How Do I Keep My Car in Bankruptcy?
Cars are a dominant fact of everyday life (unless, I suppose, you live in New York City). Consequently, one of the biggest client fears is losing his car in bankruptcy.
The truth is it never happens. Since automobiles can be readily valued and the equity easily calculated, any issues regarding the car will be known well before filing, and can be readily planned for.
In most cases, and especially if the vehicle was bought new with no, or a very small, down payment, it will be “upside down” – worth less than the loan on the car. The trustee will not be interested in taking it. You can keep it if you continue to pay on it, since the lien survives the bankruptcy. And under the new bankruptcy law, you will probably have to reaffirm the debt, that is, sign and take back personal liability.

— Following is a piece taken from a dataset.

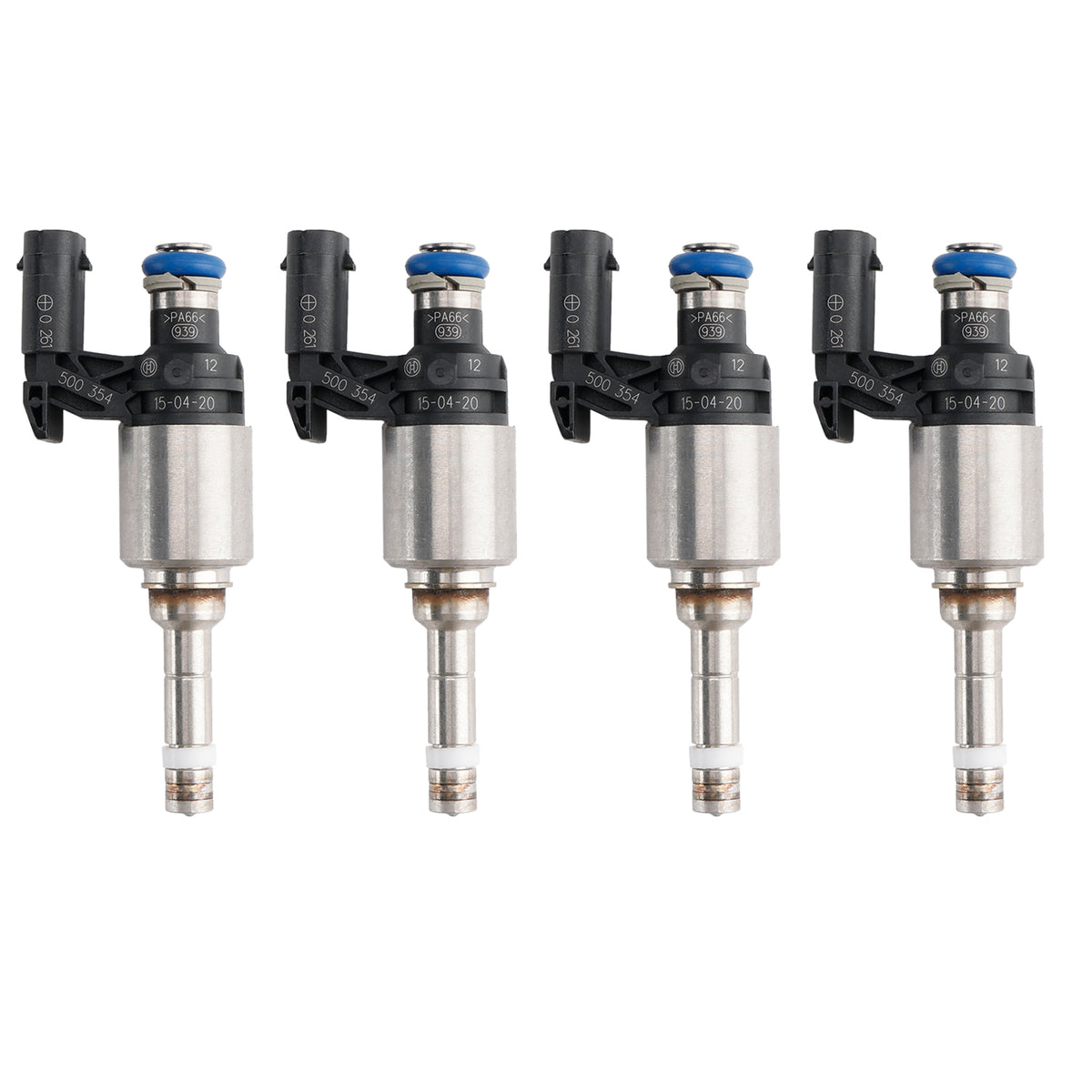 Audi A3 Fit Seat Leon Fit Skoda Fit VW Passat 4PCS Fuel Injector 04E906036Q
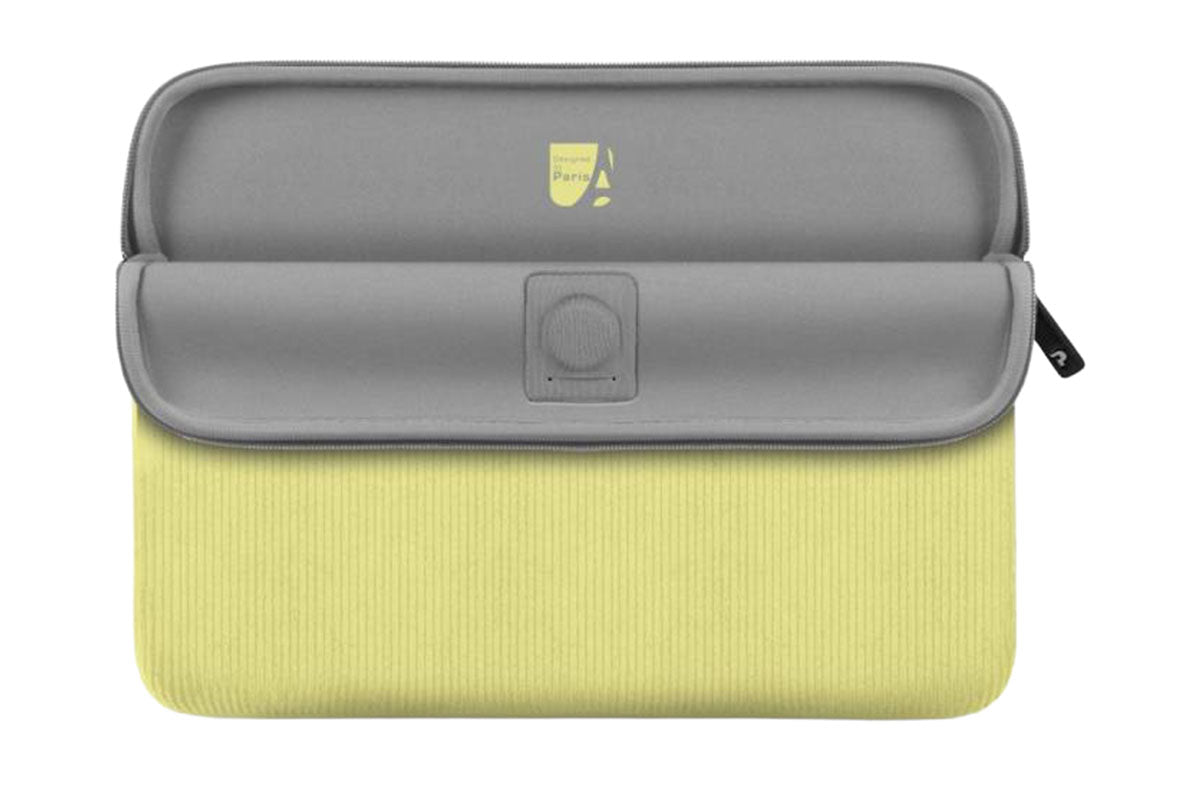 Port Designs Milano II MacBook Neo Laptop Sleeve | Yellow-2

If the car’s value is way less than the loan, and you can raise the money for a lump sum payoff, you can exercise your right of redemption in Chapter 7 to release the car from the lender’s lien at its current value, as determined by the court. In Chapter 13, you basically achieve the same by doing a “cram down” of the car and paying only its current value at a slightly–above–market rate interest over the life of the plan. To qualify, the car cannot be one having a loan that was used to purchase it for personal use within 910 days (2 ½ years) of the bankruptcy filing. Hence, vehicles purchased for other uses, such a work vehicles, with purchase loans more than two and a half years before the filing, or having loans that were not used to originally purchase the car, can be “crammed down” in Chapter 13.
Finally, if the car’s payments are more of a burden than benefit, the debtor can surrender the car to the lender, relieve himself of the debt.